*Task to complete*
Please return only the lines between the line with "Kazar-Niedrige-Pumps-mit-Metallverzierung-beige" and the final line of the entries, both included, and exclude pictures.

Material for the task START

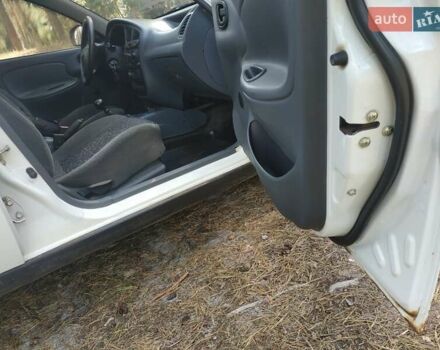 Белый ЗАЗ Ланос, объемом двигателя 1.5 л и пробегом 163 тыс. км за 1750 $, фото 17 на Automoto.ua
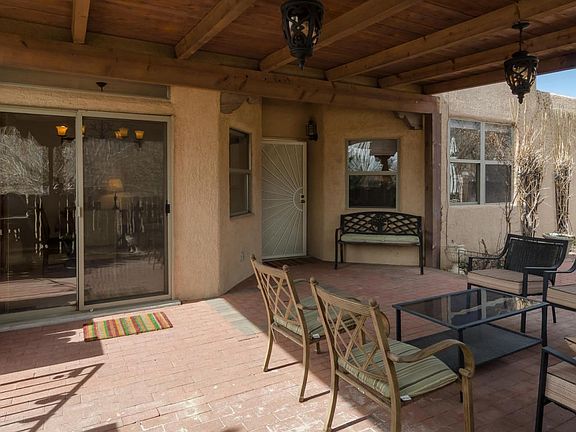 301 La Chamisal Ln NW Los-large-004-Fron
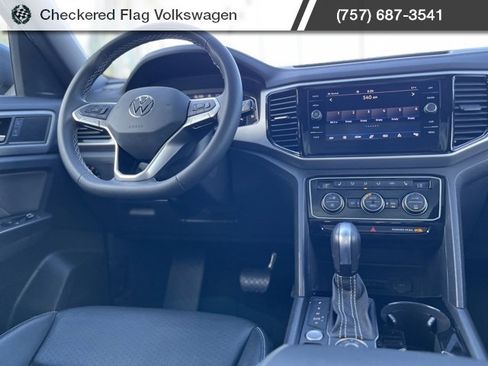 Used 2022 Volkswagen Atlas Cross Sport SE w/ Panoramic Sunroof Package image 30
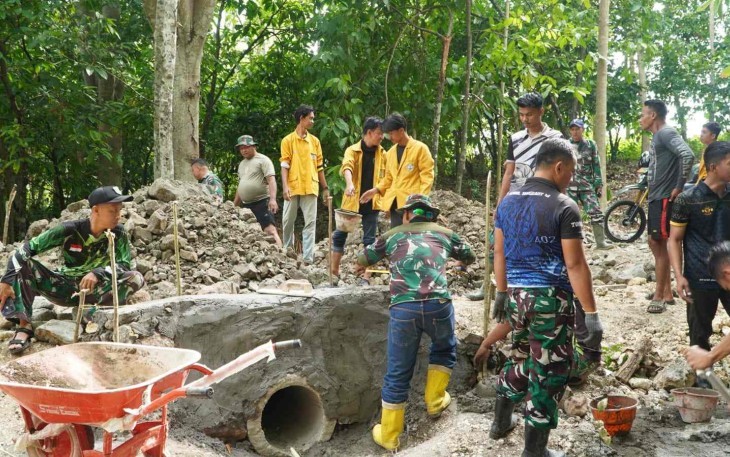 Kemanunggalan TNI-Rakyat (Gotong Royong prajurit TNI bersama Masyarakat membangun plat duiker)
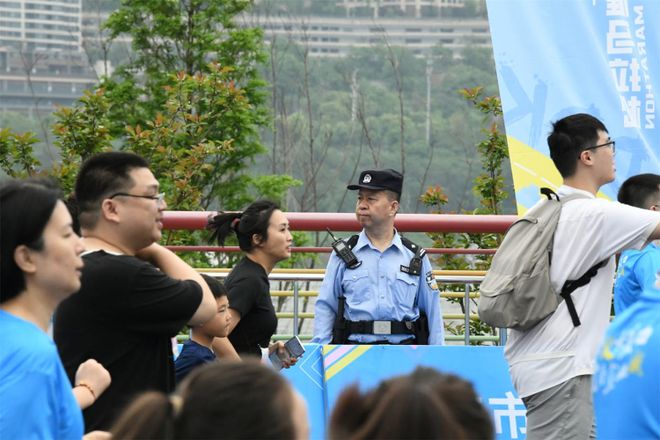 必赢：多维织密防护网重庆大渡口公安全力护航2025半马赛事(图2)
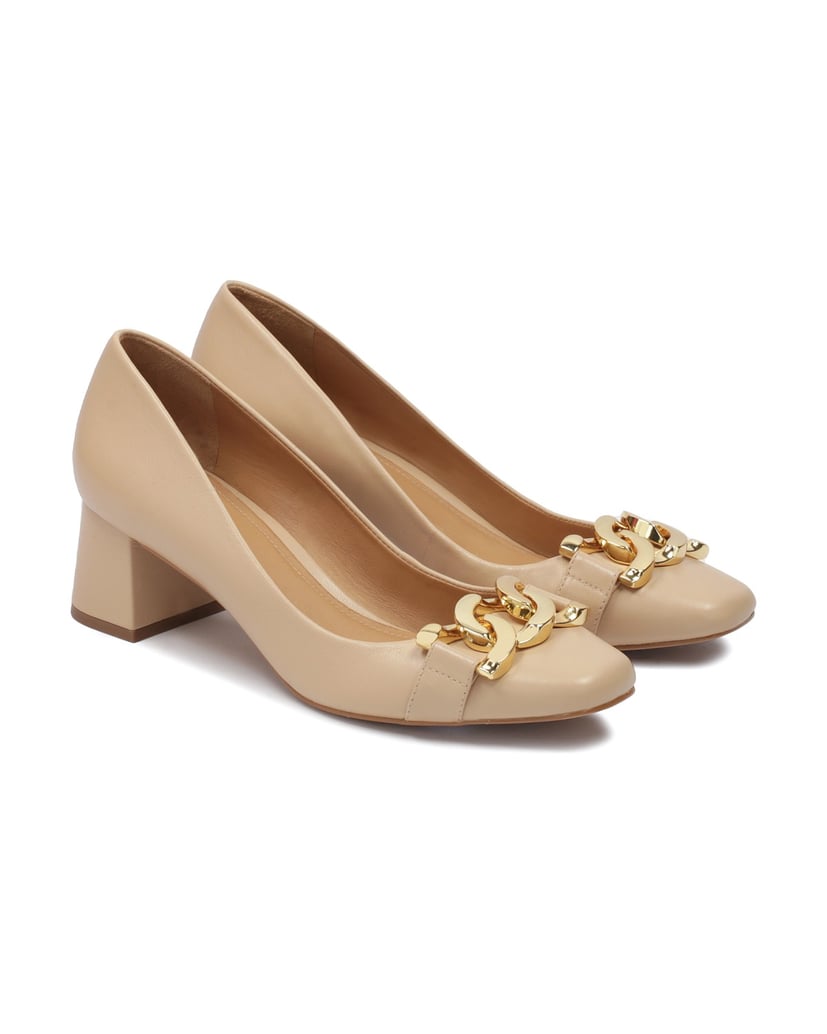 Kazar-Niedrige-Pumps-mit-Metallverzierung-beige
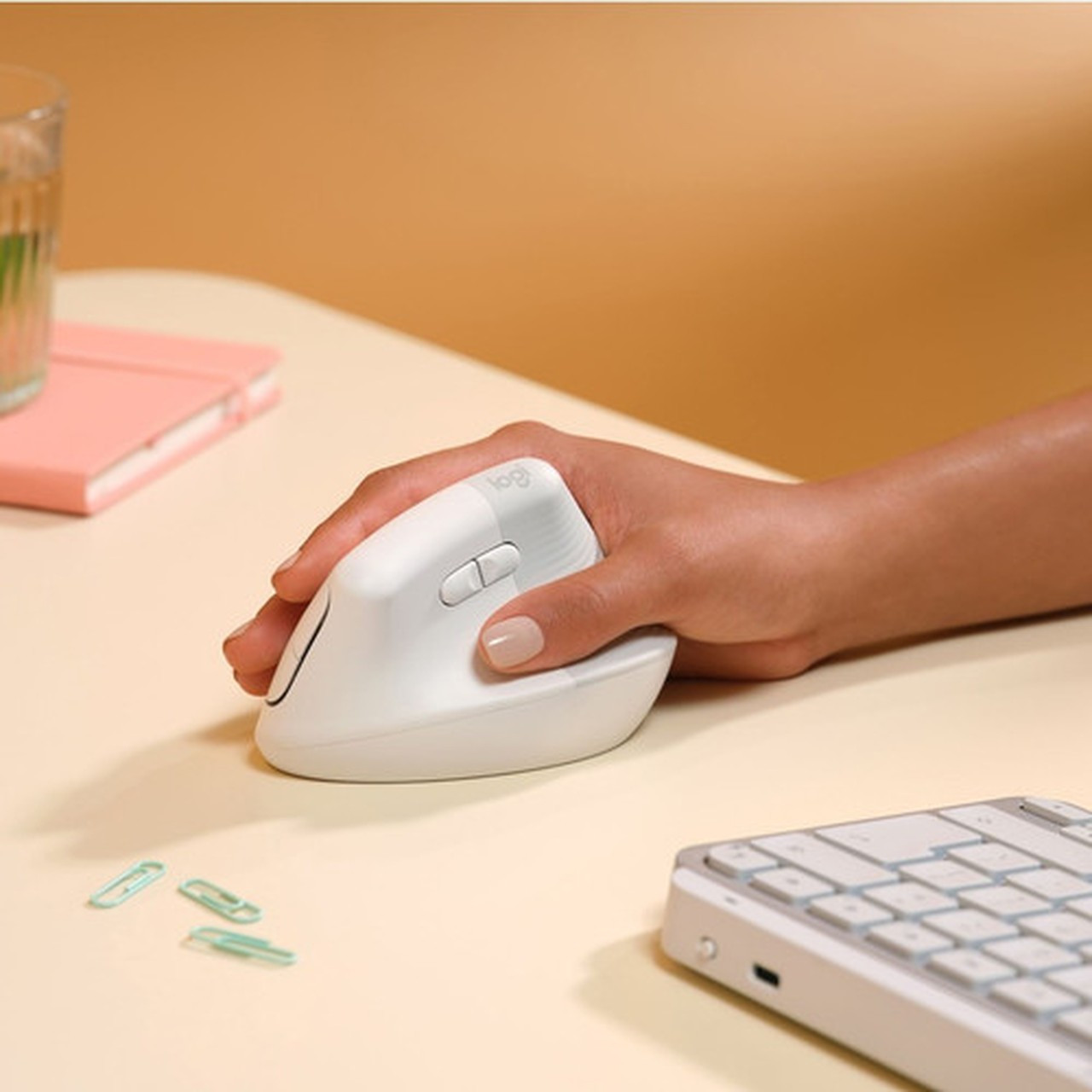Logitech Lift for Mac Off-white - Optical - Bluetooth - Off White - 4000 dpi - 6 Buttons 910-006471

Material for the task END

*Solution for this task*
 Kazar-Niedrige-Pumps-mit-Metallverzierung-beige
Logitech Lift for Mac Off-white - Optical - Bluetooth - Off White - 4000 dpi - 6 Buttons 910-006471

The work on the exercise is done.